Step 3: Calculate Breakeven

Now that you have the full cost of your trip in hand, consider your breakeven point. Run a few realistic average cost scenarios. Determine how many trips you will need to sell at your target gross margin and net profit margin to make the budget and cover the fixed costs.

Define exactly how many passengers are needed in order to break even on the departure. How many do you need to generate a profit?

Profit margins for adventure companies span the range from 10 - 30% and you might want to set a couple different target profit margins for your trip. As noted in the section on fixed costs, remember to apply a portion of the fixed costs to each trip.

If you decide to sell at a lower price with a lower gross margin, you will need to sell more trips than if you had a higher margin.  Consider your vision of what kind of company you want to be, and your target market - i.e. trips for which you need to reach a wide audience in order to achieve a higher volume will probably require lower levels of customization, may be shorter in duration, may operate in less remote environments.
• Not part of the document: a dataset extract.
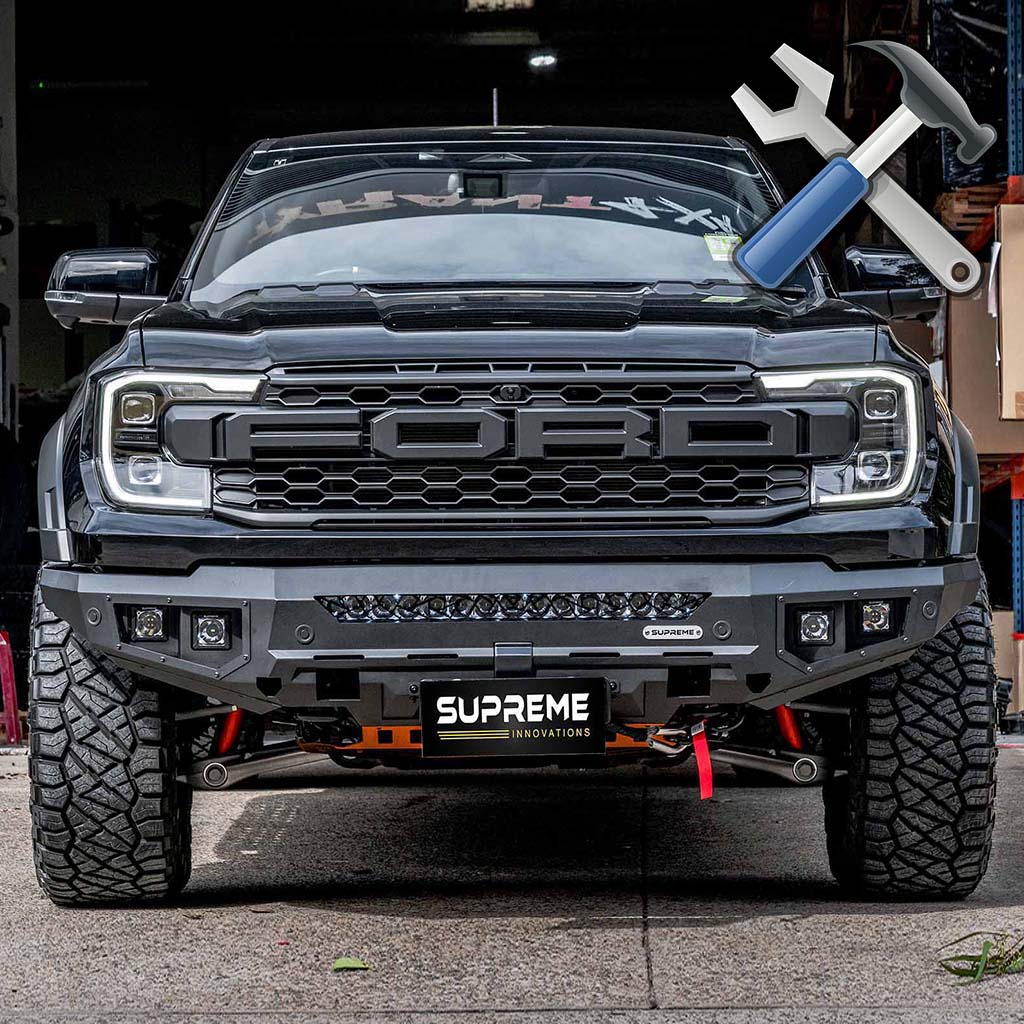 Next GEN Raptor Supreme X-Series Front Bar Fitting Instructions Installation Manual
If your vision is for highly customized, remote and unusual trips, be prepared for a narrower audience and lower volume. In this case, higher margin, and ultimately a higher price, will most likely be required.

© ATTA / Rupert Shanks
© ATTA / Rupert Shanks

Step 4: Consider Retail and Wholesale

Consider retail and wholesale pricing. When you use an agent, there will be a markup to the traveler, so you will most likely have a lower price for wholesalers than you do for your own retail.

Step 5: Compare with Competitors

Look now at the price you need to charge for this trip in comparison with what your competitors are charging for similar trips. And then consider the target market you identified at the beginning of the exercise. Is the price consistent with the target market?

Step 6: Monitor

This step happens once you are selling trips and doing business. It is very important to continually monitor cash and accrual financials carefully.
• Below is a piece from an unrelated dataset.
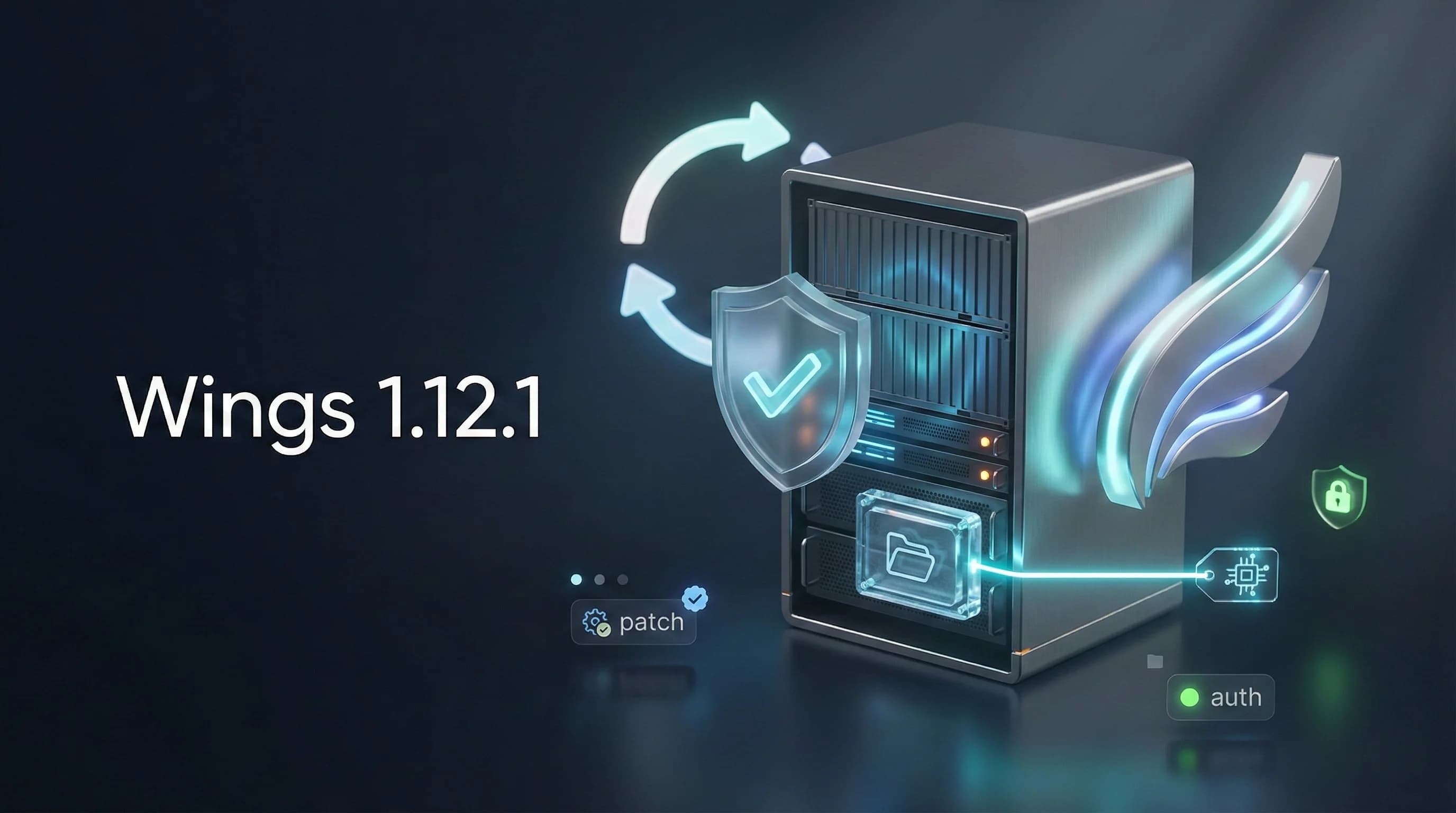 Wings 1.12.1 fixes Hytale re-auth with persistent machine-id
You will report revenues on your income statement as they are earned, which may be before the cash is actually received from your customers. Similarly, you will report expenses in the period in which they occur, or when they expire, and this may be in a period different from when the payment is made.

It is highly recommended that adventure travel companies monitor accruals, which will provide a better picture of your company's profits during a specific accounting period. This is because the income statement prepared under the accrual basis will report all of the revenues actually earned during the period and all of the expenses incurred in order to earn those revenues.

In the course of your trips, keep track of the budget with the actual financials to confirm you have been realistic in your planning. This means, as the trip is proceeding, capture and record differences in your budgeted expenses with the actual expenses. For example, maybe you budgeted $75 per day for ground transportation, but there was a change in your local partner and your budget per day for ground transportation went up to $85. Be sure to capture all expenses like this. You may need to make corrections in the course of the trip to stay on budget. Or consider how other trips are selling to determine if going over budget on one, might be offset by gains in others.

Monitor which of your trips are selling, and when. Every few months look back and assess what price points are doing the best with your target market. Consider whether this is in line with your vision for your company and product, and what types of adjustments you might want to make. You may want to retire your underperforming itineraries and place more emphasis on your trips that sell well, for example.